Fouad El Taher

Personal information
- Born: 17 April 1965 (age 61)

Chess career
- Country: Egypt
- Title: International Master (1990)
- FIDE rating: 2483 (July 2026)
- Peak rating: 2505 (July 2003)

= Fouad El Taher =

Egyptian chess player (born 1965)

Fouad El Taher (born 17 April 1965) is an Egyptian chess player who holds the titles of International Master and FIDE Arbiter (2008). He won the Arab Chess Championship in 1992.

==Chess career==
From the mid-1980s to the mid-2000s, Fouad El Taher was one of Egypt's leading chess players. In 1990 in Manila he participated in the World Chess Championship Interzonal Tournament where shared 58th - 59th place. In 1992, in Doha he won Arab Chess Championship.

Fouad El Taher has participated two times in a knockout FIDE World Chess Championships:
- In 2000 in New Delhi where he lost in 1st round to Aleksej Aleksandrov;
- In 2002 in Moscow where he lost in 1st round to Kiril Georgiev.

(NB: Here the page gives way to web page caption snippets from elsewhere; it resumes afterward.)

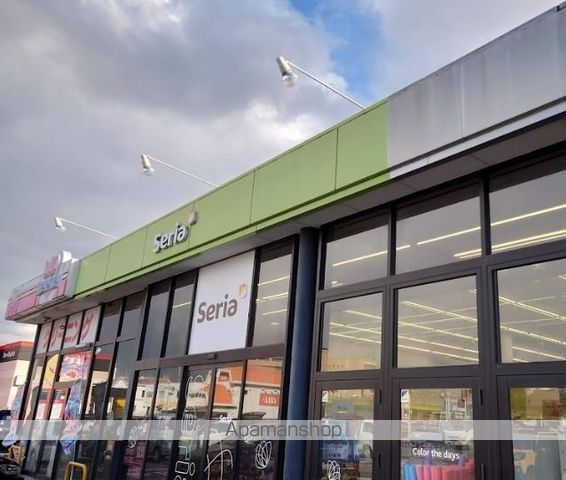 その他　セリア 打田店（その他）まで7049m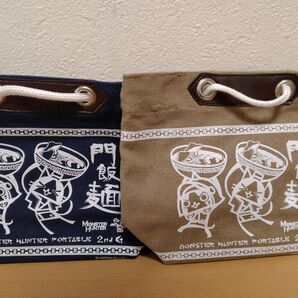 MONSTER HUNTER PORTABLE 2nd G モンスターハンター モンハン らーめん缶 門飯麺 ポーチ ミニバッグ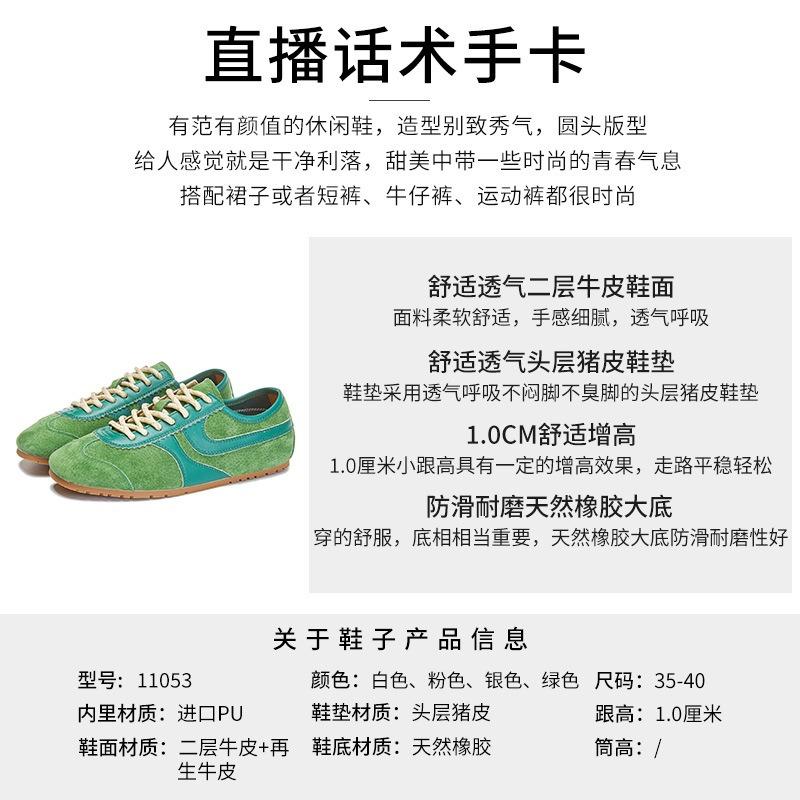 Leather Women's Autumn New Flat-bottomed Sports Shoes Women's Casual Versatile Shoes Children's Solid Color Women's Shoes Trend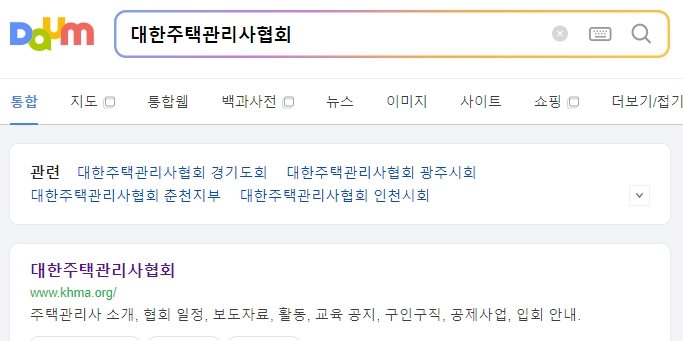 주택관리사 협회 홈페이지의 메인 화면 구성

Fouad El Taher played for Egypt in the Chess Olympiads:
- In 1986, at first reserve board in the 27th Chess Olympiad in Dubai (+1, =1, -3),
- In 1988, at second reserve board in the 28th Chess Olympiad in Thessaloniki (+5, =3, -2),
- In 1990, at third board in the 29th Chess Olympiad in Novi Sad (+6, =5, -1),
- In 1992, at first board in the 30th Chess Olympiad in Manila (+3, =5, -3),
- In 1994, at first board in the 31st Chess Olympiad in Moscow (+4, =5, -1),
- In 1996, at third board in the 32nd Chess Olympiad in Yerevan (+6, =0, -3),
- In 2000, at first board in the 34th Chess Olympiad in Istanbul (+4, =4, -4),
- In 2006, at second board in the 37th Chess Olympiad in Turin (+3, =7, -0).

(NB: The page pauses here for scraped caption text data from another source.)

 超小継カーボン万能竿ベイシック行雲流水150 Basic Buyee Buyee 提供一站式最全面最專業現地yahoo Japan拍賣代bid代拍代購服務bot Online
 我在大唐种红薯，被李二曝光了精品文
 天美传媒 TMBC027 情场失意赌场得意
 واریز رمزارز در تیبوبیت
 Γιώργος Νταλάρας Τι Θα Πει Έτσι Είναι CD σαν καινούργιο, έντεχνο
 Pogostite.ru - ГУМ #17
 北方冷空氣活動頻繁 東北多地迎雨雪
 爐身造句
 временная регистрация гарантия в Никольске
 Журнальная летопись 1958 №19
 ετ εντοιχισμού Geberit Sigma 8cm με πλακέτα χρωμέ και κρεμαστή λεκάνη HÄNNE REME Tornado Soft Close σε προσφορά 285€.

Fouad El Taher played for Egypt in the African Team Chess Championship:
- In 1993, at first board in the 1st African Team Chess Championship in Cairo (+4, =2, -1) and won team silver medal and individual gold medal.

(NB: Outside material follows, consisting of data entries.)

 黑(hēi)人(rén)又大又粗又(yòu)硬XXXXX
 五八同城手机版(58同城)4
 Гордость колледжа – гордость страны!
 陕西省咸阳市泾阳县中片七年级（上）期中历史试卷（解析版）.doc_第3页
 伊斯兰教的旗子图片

Fouad El Taher played for Egypt in the African Games (chess - men):
- In 2003, at first board in the 8th All-Africa Games (chess - men) in Abuja (+5, =1, -0) and won team and individual gold medals,
- In 2007, at fourth board in the 9th All-Africa Games (chess - men) in Algiers (+5, =2, -2) and won team gold medal.